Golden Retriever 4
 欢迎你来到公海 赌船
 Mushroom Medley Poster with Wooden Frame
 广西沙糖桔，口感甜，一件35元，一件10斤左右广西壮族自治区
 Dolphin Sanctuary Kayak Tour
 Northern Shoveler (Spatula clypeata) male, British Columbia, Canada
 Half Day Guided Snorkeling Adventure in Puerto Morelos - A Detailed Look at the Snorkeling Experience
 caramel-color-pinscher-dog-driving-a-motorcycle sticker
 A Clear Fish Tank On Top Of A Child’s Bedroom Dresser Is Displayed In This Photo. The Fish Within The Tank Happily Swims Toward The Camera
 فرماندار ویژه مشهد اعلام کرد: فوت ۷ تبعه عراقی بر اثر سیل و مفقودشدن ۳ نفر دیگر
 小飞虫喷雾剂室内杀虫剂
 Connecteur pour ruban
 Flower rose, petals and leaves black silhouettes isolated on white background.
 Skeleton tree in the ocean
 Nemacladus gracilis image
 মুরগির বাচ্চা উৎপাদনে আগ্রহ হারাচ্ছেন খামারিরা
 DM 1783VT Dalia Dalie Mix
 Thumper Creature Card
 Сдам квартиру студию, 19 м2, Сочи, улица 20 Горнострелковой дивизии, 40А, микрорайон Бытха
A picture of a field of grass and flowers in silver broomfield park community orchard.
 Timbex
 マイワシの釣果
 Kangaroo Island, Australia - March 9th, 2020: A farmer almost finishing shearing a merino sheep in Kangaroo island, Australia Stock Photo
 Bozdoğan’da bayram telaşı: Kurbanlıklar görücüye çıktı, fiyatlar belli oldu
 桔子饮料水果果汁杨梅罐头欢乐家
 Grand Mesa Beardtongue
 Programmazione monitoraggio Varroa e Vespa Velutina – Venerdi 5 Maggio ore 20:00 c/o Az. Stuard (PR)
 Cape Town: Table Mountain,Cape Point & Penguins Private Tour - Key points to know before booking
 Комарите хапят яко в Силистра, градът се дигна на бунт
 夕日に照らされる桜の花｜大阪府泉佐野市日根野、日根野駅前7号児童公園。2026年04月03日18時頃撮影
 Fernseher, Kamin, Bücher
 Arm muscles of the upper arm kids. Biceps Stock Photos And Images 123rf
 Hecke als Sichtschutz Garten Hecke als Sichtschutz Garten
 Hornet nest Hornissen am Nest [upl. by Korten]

+ + + + +

Every record above needs to be restated exactly.

Golden Retriever 4
 欢迎你来到公海 赌船
 Mushroom Medley Poster with Wooden Frame
 广西沙糖桔，口感甜，一件35元，一件10斤左右广西壮族自治区
 Dolphin Sanctuary Kayak Tour
 Northern Shoveler (Spatula clypeata) male, British Columbia, Canada
 Half Day Guided Snorkeling Adventure in Puerto Morelos - A Detailed Look at the Snorkeling Experience
 caramel-color-pinscher-dog-driving-a-motorcycle sticker
 A Clear Fish Tank On Top Of A Child’s Bedroom Dresser Is Displayed In This Photo. The Fish Within The Tank Happily Swims Toward The Camera
 فرماندار ویژه مشهد اعلام کرد: فوت ۷ تبعه عراقی بر اثر سیل و مفقودشدن ۳ نفر دیگر
 小飞虫喷雾剂室内杀虫剂
 Connecteur pour ruban
 Flower rose, petals and leaves black silhouettes isolated on white background.
 Skeleton tree in the ocean
 Nemacladus gracilis image
 মুরগির বাচ্চা উৎপাদনে আগ্রহ হারাচ্ছেন খামারিরা
 DM 1783VT Dalia Dalie Mix
 Thumper Creature Card
 Сдам квартиру студию, 19 м2, Сочи, улица 20 Горнострелковой дивизии, 40А, микрорайон Бытха
A picture of a field of grass and flowers in silver broomfield park community orchard.
 Timbex
 マイワシの釣果
 Kangaroo Island, Australia - March 9th, 2020: A farmer almost finishing shearing a merino sheep in Kangaroo island, Australia Stock Photo
 Bozdoğan’da bayram telaşı: Kurbanlıklar görücüye çıktı, fiyatlar belli oldu
 桔子饮料水果果汁杨梅罐头欢乐家
 Grand Mesa Beardtongue
 Programmazione monitoraggio Varroa e Vespa Velutina – Venerdi 5 Maggio ore 20:00 c/o Az. Stuard (PR)
 Cape Town: Table Mountain,Cape Point & Penguins Private Tour - Key points to know before booking
 Комарите хапят яко в Силистра, градът се дигна на бунт
 夕日に照らされる桜の花｜大阪府泉佐野市日根野、日根野駅前7号児童公園。2026年04月03日18時頃撮影
 Fernseher, Kamin, Bücher
 Arm muscles of the upper arm kids. Biceps Stock Photos And Images 123rf
 Hecke als Sichtschutz Garten Hecke als Sichtschutz Garten
 Hornet nest Hornissen am Nest [upl. by Korten]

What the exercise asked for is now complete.